Wisła Kraków. Patryk Gogół szykuje się na trzecią wizytę na Stadionie Narodowym

Bartosz Karcz
Bartosz Karcz
Wojciech Matusik
Patryk Gogół zanotował w piątek udane wejście na boisko w meczu z Podbeskidziem Bielsko-Biała. To on przypieczętował golem na 3:1 wygraną Wisły Kraków.

WISŁA KRAKÓW. Najbogatszy serwis w Polsce o piłkarskiej drużynie "Białej Gwiazdy"

- Asysta w Rzeszowie w meczu z Resovią, gol w spotkaniu z Podbeskidziem. Powrót do gry po kontuzji wiąże się dla pana z konkretami.
- Na pewno cieszę się przede wszystkim z tego, że wróciłem do zdrowia, że znów mogę grać, że jestem w dobrej dyspozycji. Przede wszystkim dobrze się czuję, nie mam już w głowie takiej blokady, że z prawym kolanem jest coś nie tak, że nie funkcjonuje tak jak lewe. To daje mi większą swobodę.

- Widać było to przy pańskim golu, bo na dużym luzie wszedł pan w obronę Podbeskidzia.

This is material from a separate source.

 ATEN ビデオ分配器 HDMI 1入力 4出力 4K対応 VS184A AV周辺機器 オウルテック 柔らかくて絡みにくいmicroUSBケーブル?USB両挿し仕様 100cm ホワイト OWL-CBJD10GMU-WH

Rywale pewnie się bali, żeby pana nie sfaulować w polu karnym, ale trzeba było być odważnym, żeby tak ruszyć.
- Wyszło to tak sytuacyjnie. Nie będę krył, że czuję się mocny w dryblingu, nie boję się tego. Gdy zatem przyjąłem piłkę, wszedłem między dwóch zawodników i oddałem celny strzał. Muszę przyznać, że fajnie mi to wyszło.

- No i był to bardzo ważny gol, bo praktycznie zamknął spotkanie, co wcześniej wam się nie udawało.
- Przy wyniku 2:1 mecz był w końcówce dość otwarty, bo atakowały obie strony. Było trochę nerwowo, więc tym bardziej się cieszę, że moja bramka uspokoiła sprawę.

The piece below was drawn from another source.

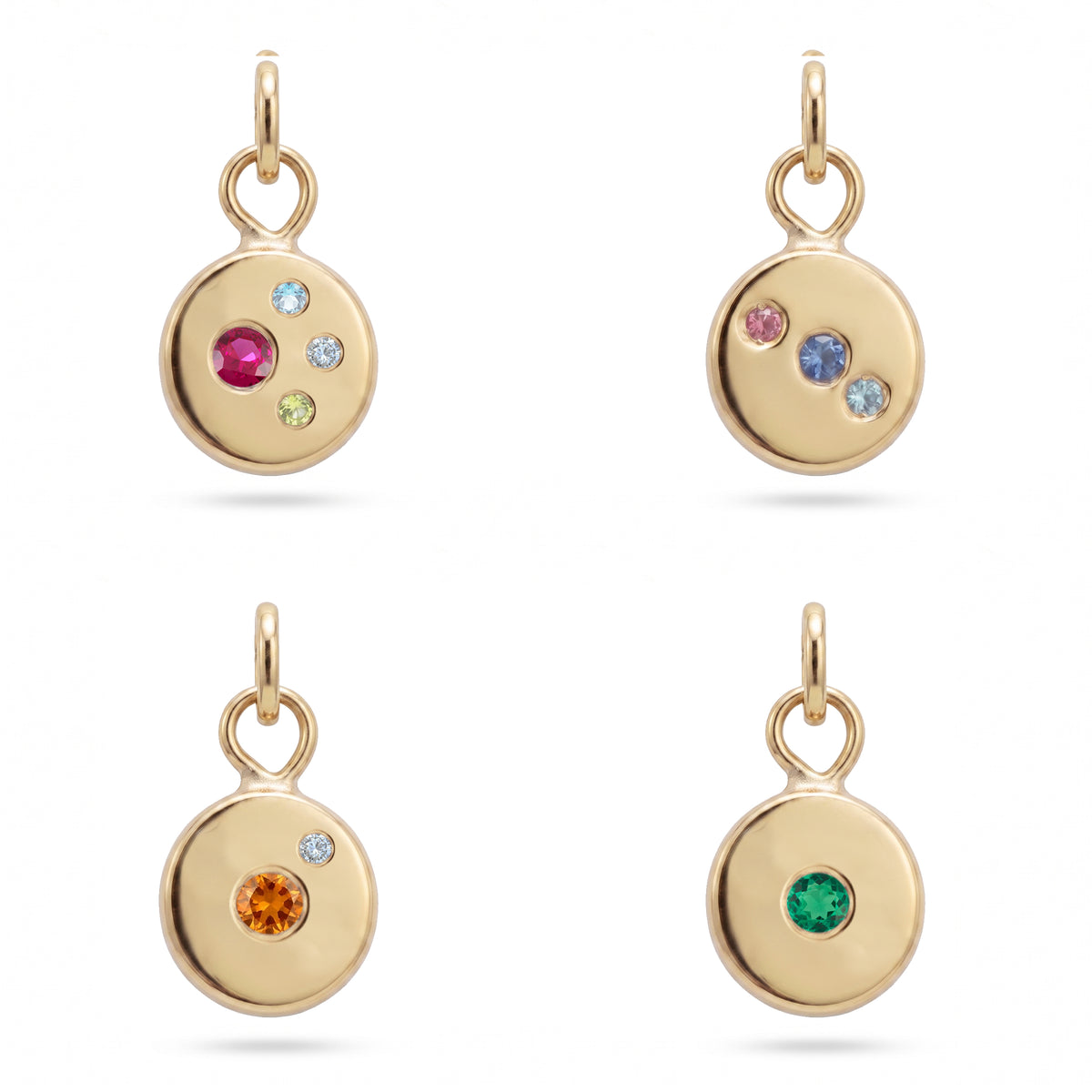 Echo Charm Gold: Custom Birthstones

- Można było odnieść wrażenie, że byliście bardzo źli o to, że sędzia - chyba błędnie - nie uznał wam gola chwilę wcześniej.
- Też ten karny podgrzał trochę atmosferę. Nawet nie chodzi o decyzję, jaką podjął arbiter, tylko że trwało to tak długo. Można się było trochę zdekoncentrować, stąd trochę nerwowości, ale najważniejsze, że skończyło się wszystko dobrze.

- W sytuacji z tym karnym piłkarze Podbeskidzia trochę prowokowali. Może pan powiedzieć jak to wyglądało z pańskiej perspektywy?
- Nawet się tam nie pchałem w te konflikty, więc nie powiem jak to dokładnie wyglądało, ale jakieś prowokacje tam chyba rzeczywiście były.

- Trochę poprawiliście tym zwycięstwem humory sobie i kibicom po tym, co wydarzyło się w Rzeszowie w meczu z Resovią. No i trzy punkty przybliżają was do baraży, a te pewnie chcielibyście rozgrywać na Reymonta?
- Tak, najlepiej byłoby wygrywać wszystko do końca. Przed nami teraz Puchar Polski, ale nie ma co kryć, że dzięki tej wygranej też pojedziemy do Warszawy w lepszych humorach. Mam nadzieję, że w czwartek humory będą jeszcze lepsze, gdy będziemy podnosić puchar…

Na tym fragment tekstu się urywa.